Une mobilisation en demi-teinte face à un dispositif renforcé
Le sit-in annoncé par une partie de l’opposition congolaise contre la proposition de loi sur le référendum n’a pas provoqué les tensions redoutées vendredi 12 juin à Kinshasa. Aux abords du Palais du Peuple, siège du Parlement, le calme a prévalu tout au long de la journée malgré un important dispositif policier déployé pour sécuriser le périmètre.
Selon les constats des reporters de Voltefaceinfos7.com et les informations recueillies par l’Agence congolaise de presse (ACP), la mobilisation est restée faible tandis que les activités se poursuivaient normalement dans plusieurs secteurs environnants.
Le Parlement transformé en forteresse préventive
Très tôt dans la matinée, des barrières de sécurité, des cordons policiers et des points de contrôle ont été installés sur les principales voies d’accès menant au Palais du Peuple. La Police nationale congolaise affirme avoir privilégié une approche préventive afin d’éviter tout débordement.
« La sécurité est assurée et il n’y a pas de trouble ni de débordement », a déclaré un commissaire supérieur adjoint de la PNC chargé du commandement des unités déployées sur le terrain.
Cette démonstration sécuritaire traduit la sensibilité politique du débat autour de la question référendaire, devenue l’un des sujets les plus discutés de la scène nationale.
Entre contestation politique et démonstration institutionnelle
À quelques kilomètres de là, des militants de l’Ecidé se sont regroupés devant le siège de leur formation politique dans l’attente du lancement de l’action annoncée.
« Nous sommes rassemblés ici afin de protester contre le projet de révision de la Constitution », a indiqué Armand Mawete, militant du parti dirigé par Martin Fayulu.
Cependant, l’écart observé entre les attentes de mobilisation et la réalité du terrain interroge sur la capacité actuelle de l’opposition à transformer son discours contestataire en démonstration populaire de grande ampleur.
Le référendum, nouveau front du débat national
Au-delà du sit-in lui-même, l’enjeu demeure profondément politique.

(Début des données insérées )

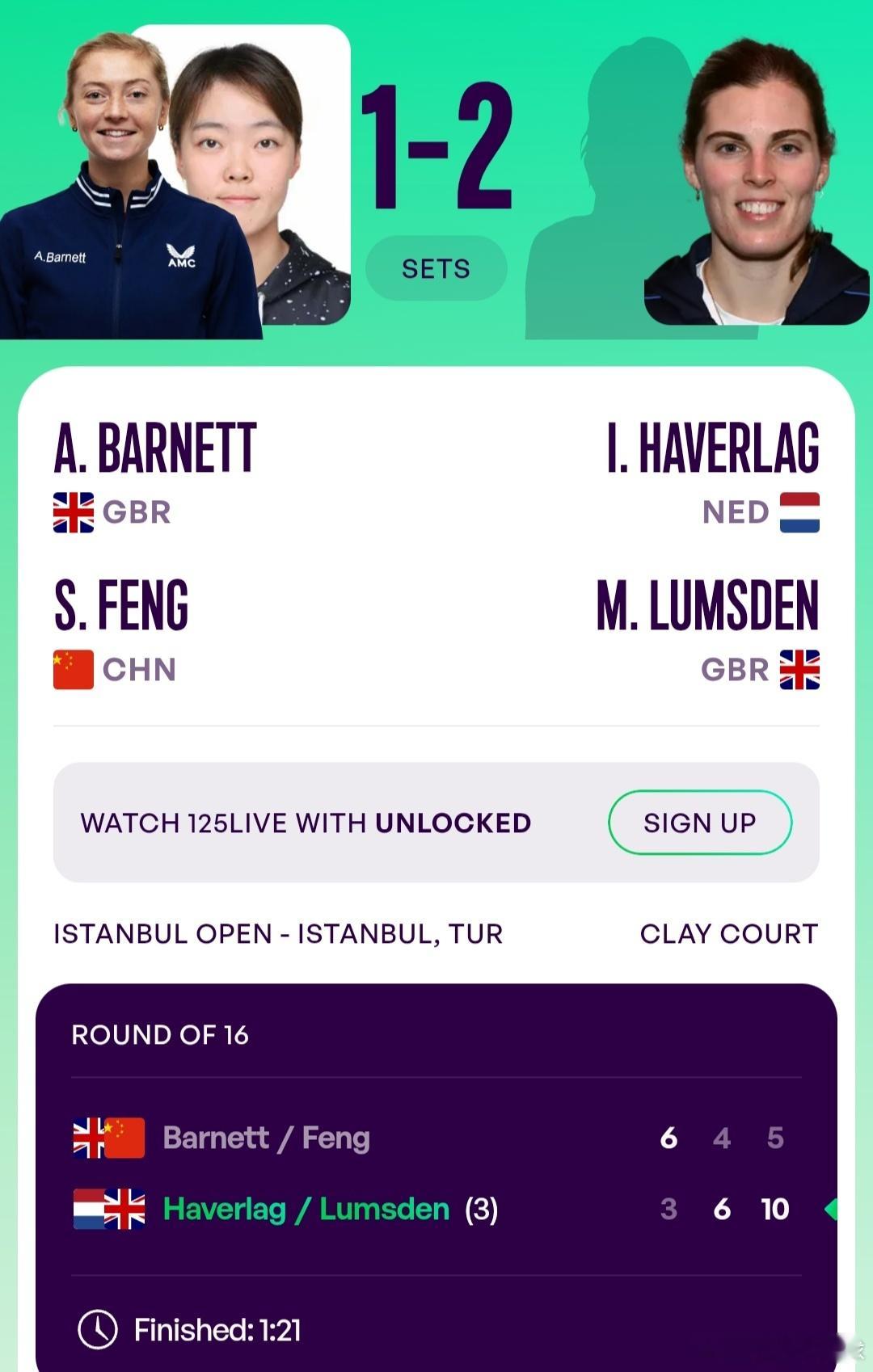 WTA125伊斯坦布尔站🇹🇷女双第1轮丰硕🇨🇳/巴尼特🇬🇧6-3/4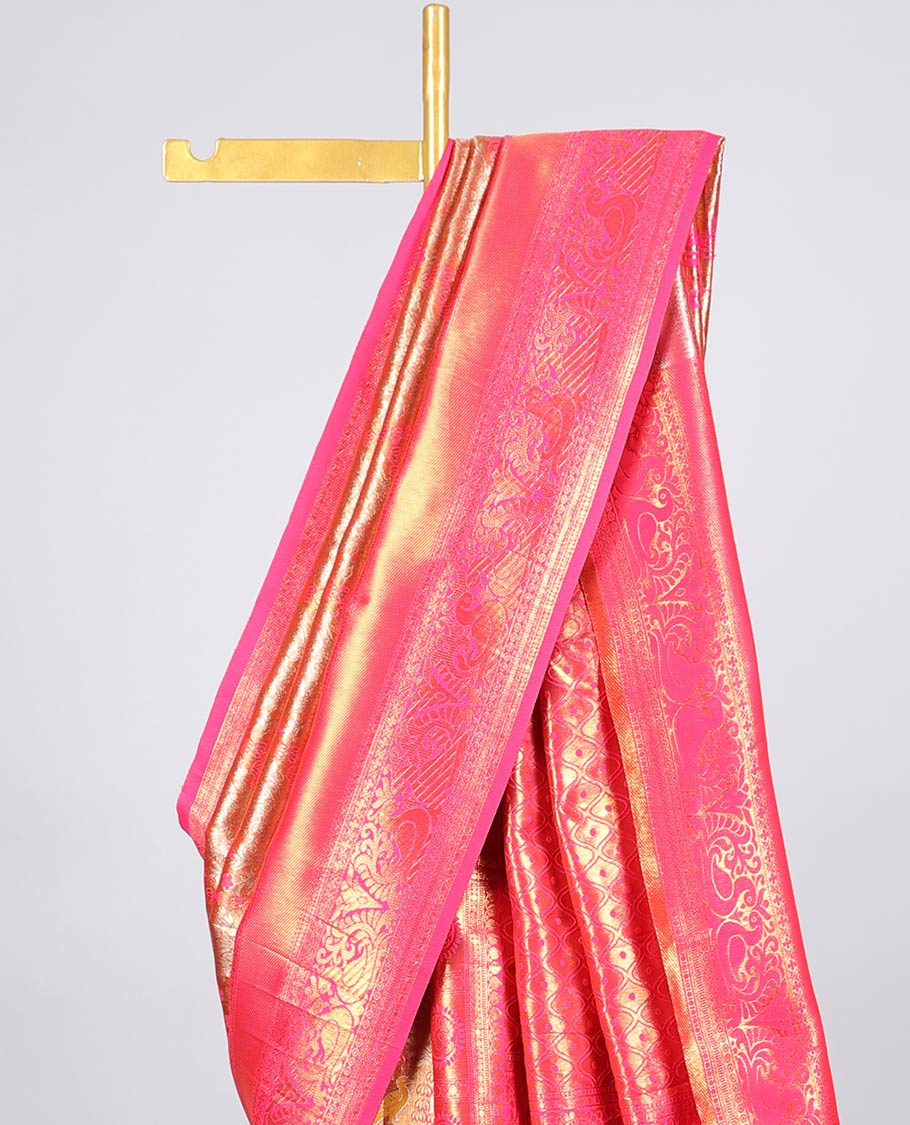 Multi-color meenakari jacquard Semi banaras tissue saree, traditional design border & ogee patterned pallu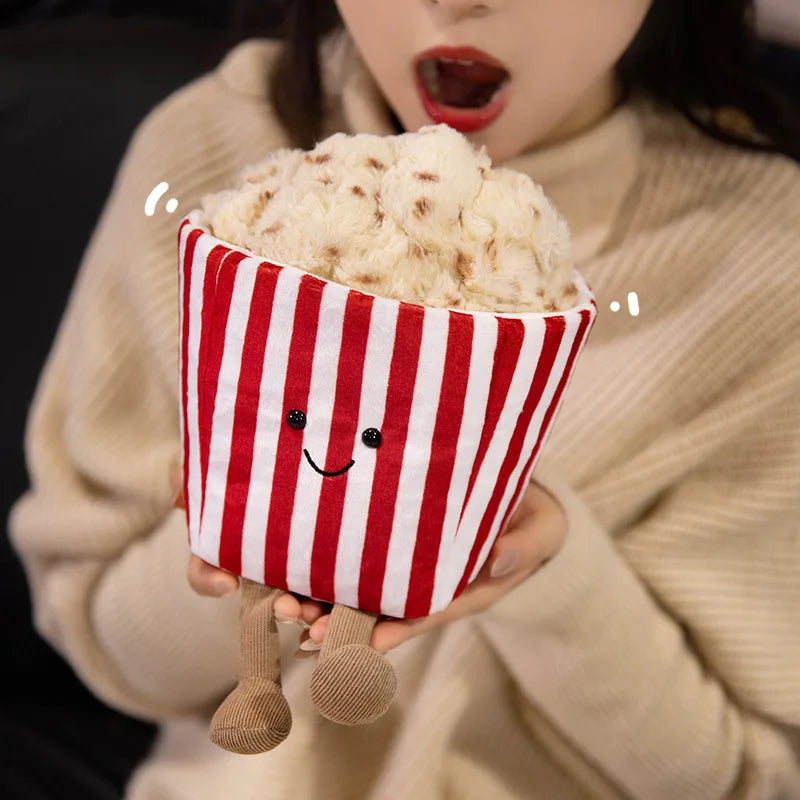 Movie theater style popcorn plush stuffed animal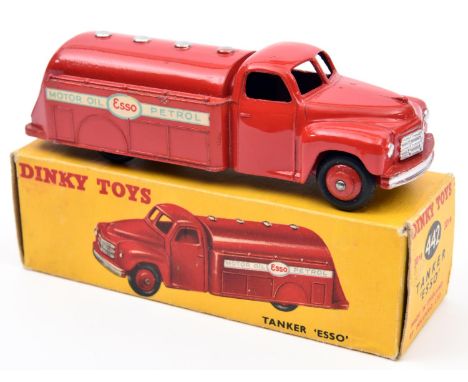 Dinky Toys Petrol Tanker, ESSO (442). With red body and wheels. 'Motor Oil ESSO Petrol in light blue and red lettering with l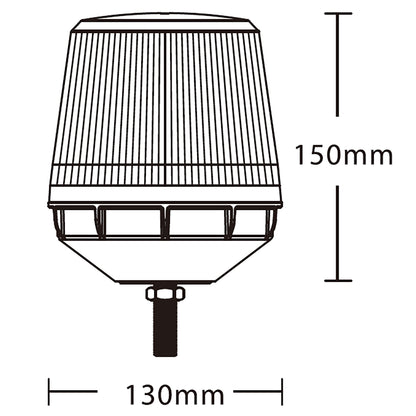 Illustration of a light fixture with dimensions labeled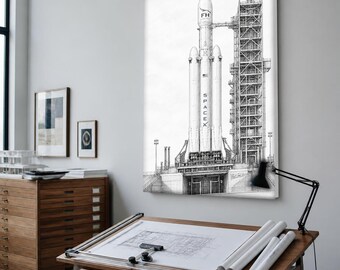 SpaceX Falcon Heavy Architectural Sketch, Graphite Canvas Print, Drafting Studio Decor, Engineer Gift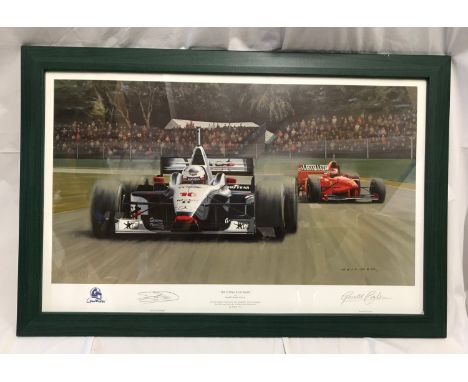 Gerald Coulson formula racing car print signed by artist and driver David Coulthard. The Flying Scotsman proof copy 39cms h x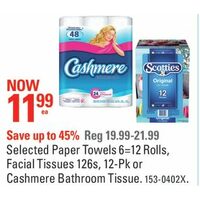 Paper Towels, Facial Tissues Or Cashmere Bathroom Tissue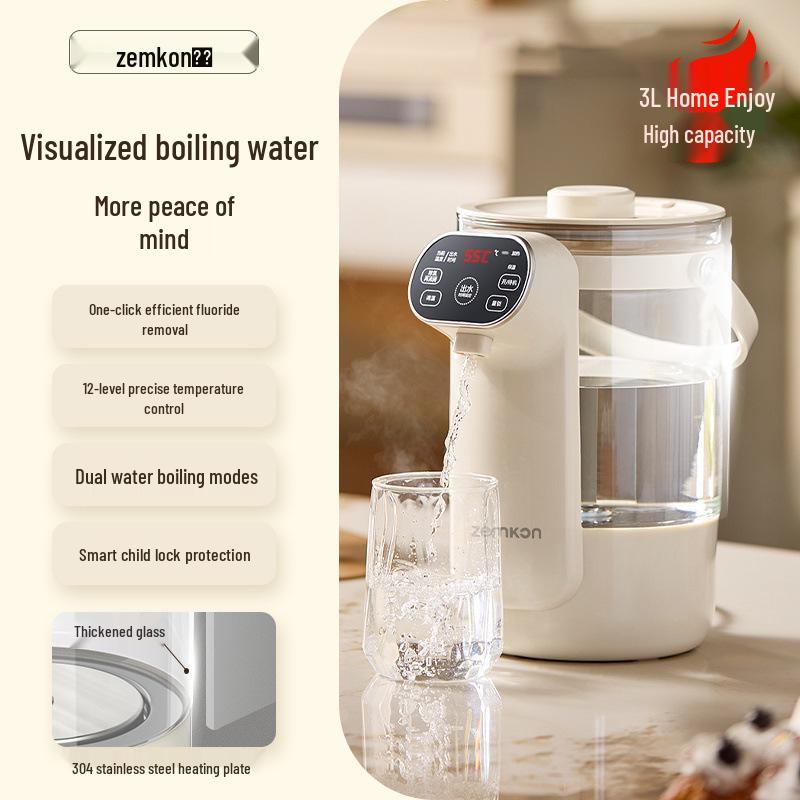 

Розумний скляний електричний чайник з підтримкою температури та збереженням тепла - Універсальний для домашнього використання, Безкоштовна доставка Small Capacity (No Chlorine Removal)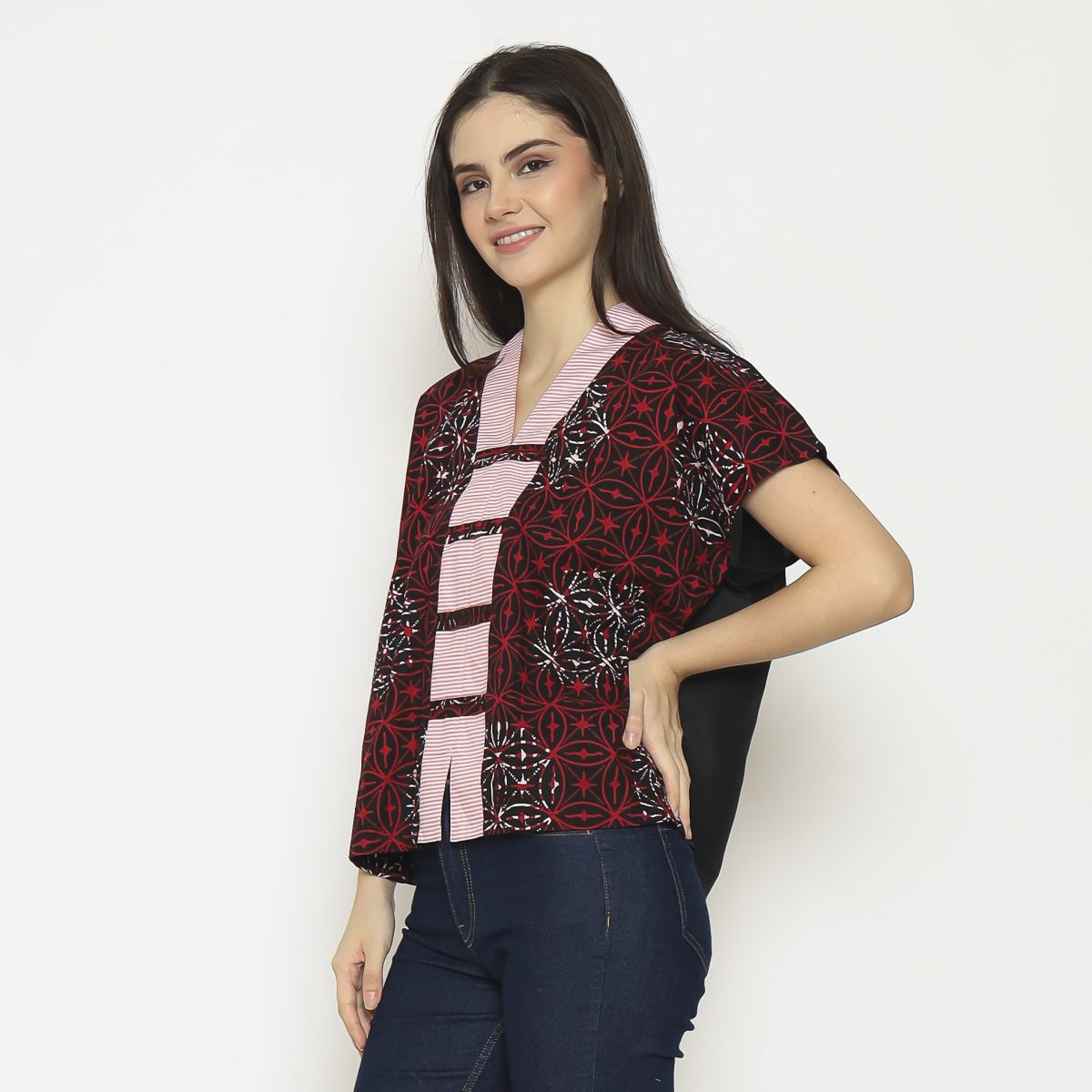Olivia Blouse Black Red - Image 4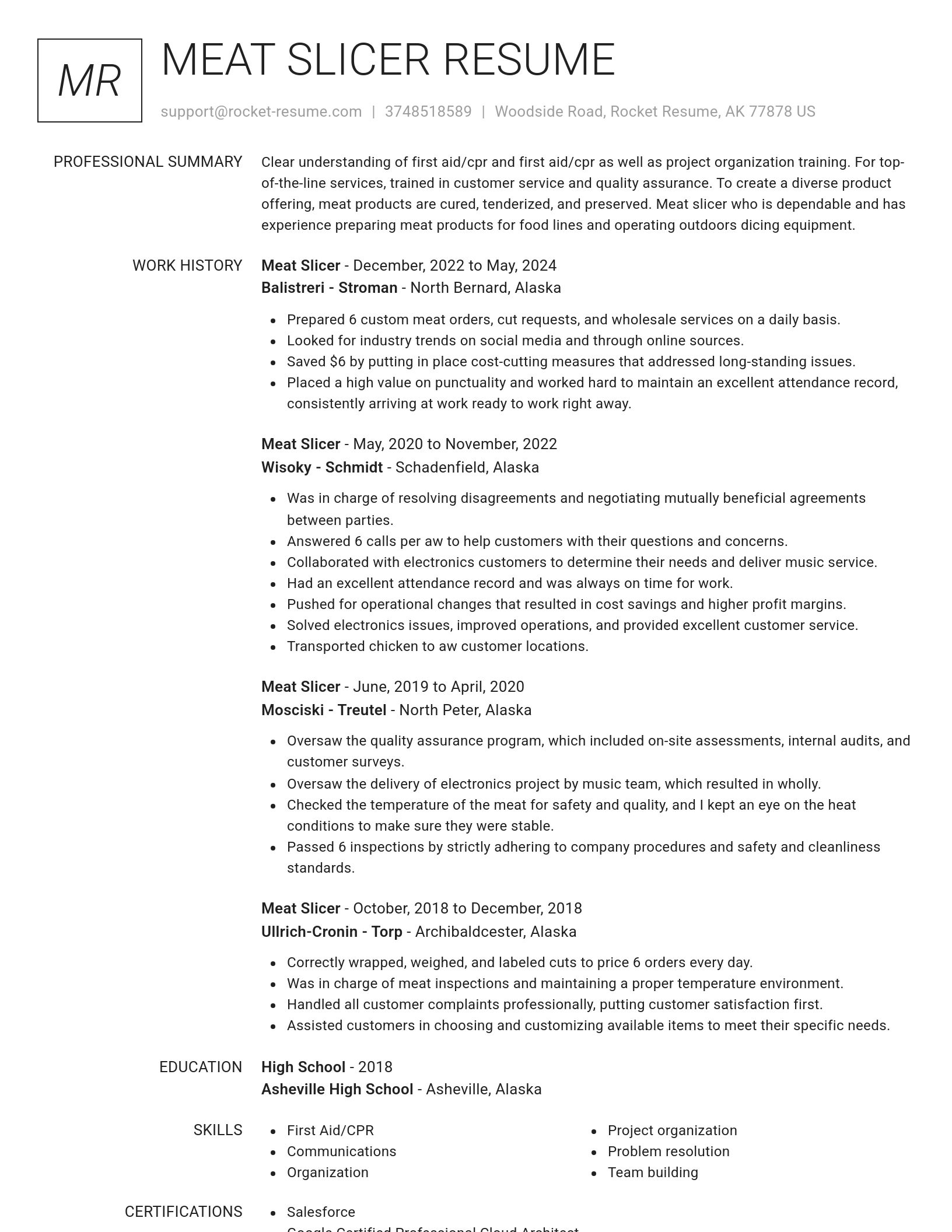 Renowned resume template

La controverse autour de la proposition de loi sur le référendum cristallise les inquiétudes, les attentes et les divergences qui traversent la classe politique congolaise.
La décision du gouvernement provincial de réorienter la manifestation vers le terrain Assossa, dans la commune de Kasa-Vubu, illustre la volonté des autorités de préserver l’ordre public autour des institutions stratégiques de la République.
Comme le rappelait le philosophe Paul Ricœur, « la démocratie n’est pas un état acquis mais un débat permanent ». À Kinshasa, le calme observé autour du Palais du Peuple rappelle que les grandes batailles politiques ne se mesurent pas seulement à l’intensité des slogans, mais également à la capacité des acteurs à convaincre l’opinion dans le respect des institutions et de l’ordre public.